In the present invention, it is most preferable to enhance the expression of respective
genes encoding the malate dehydrogenase, the NAD(P)+ transhydrogenase (AB-specific), and
the thiolase. This enables drastic increase in the productivity and yield of isopropyl alcohol
as compared to a case of enhancing the activity of each enzyme singly.

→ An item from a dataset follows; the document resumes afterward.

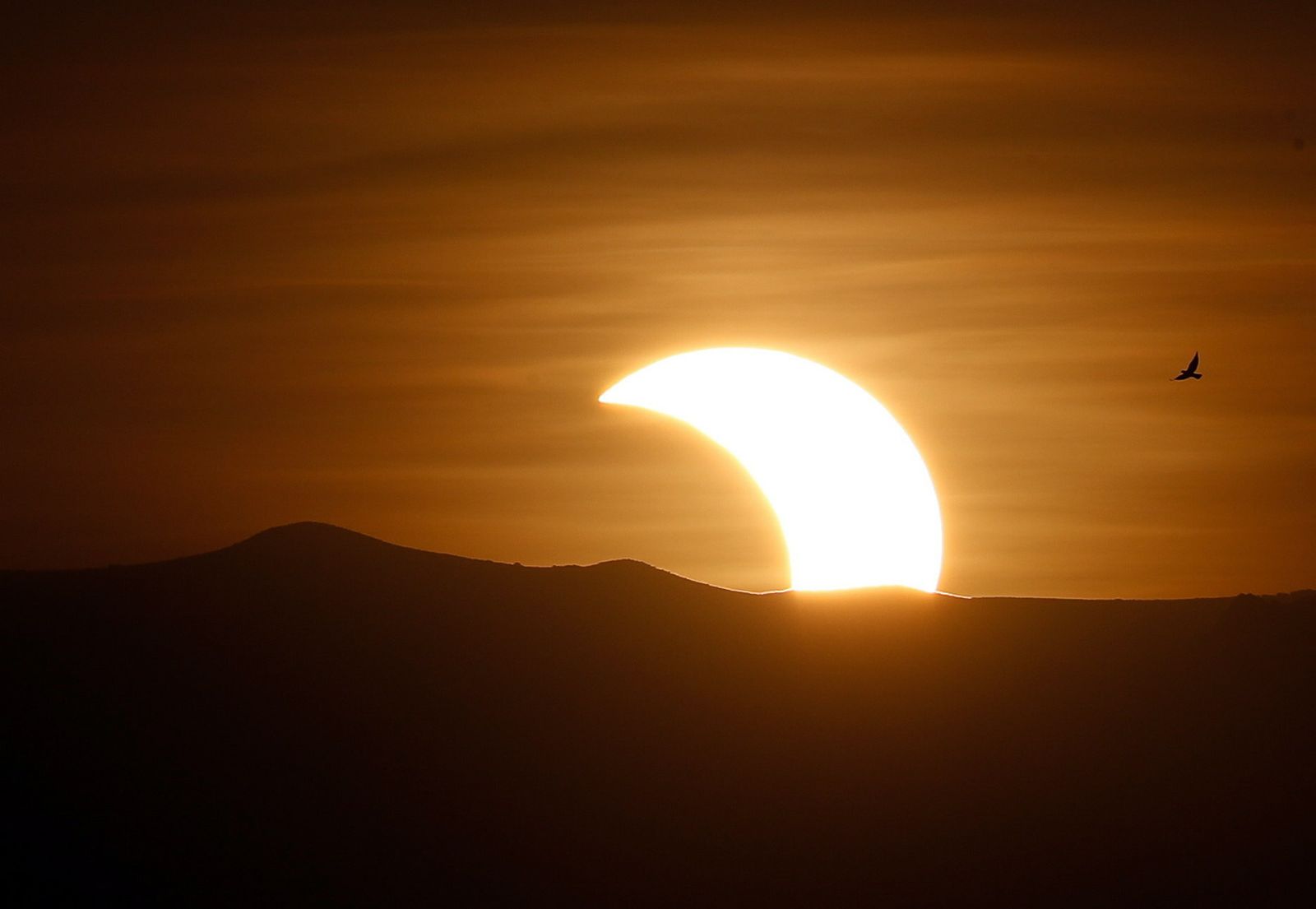 Las imágenes del último eclipse solar de la década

[0044] A preferable embodiment of the isopropyl alcohol-producing Escherichia coli in the
present invention is a strain obtained by enhancing the malate dehydrogenase activity, or
simultaneously enhancing the malate dehydrogenase activity and the activity of the NAD(P)*
transhydrogenase (AB-specific) and/or the thiolase, in the pIPA/B strain, the plaaa/B strain, or
the pla/B::atoDAB strain described above. The thiolase activity in this strain may be an
activity achieved by enhancing the expression of a thiolase-encoding gene in the genome as
well as enhancing the expression of a thiolase-encoding gene by using a plasmid.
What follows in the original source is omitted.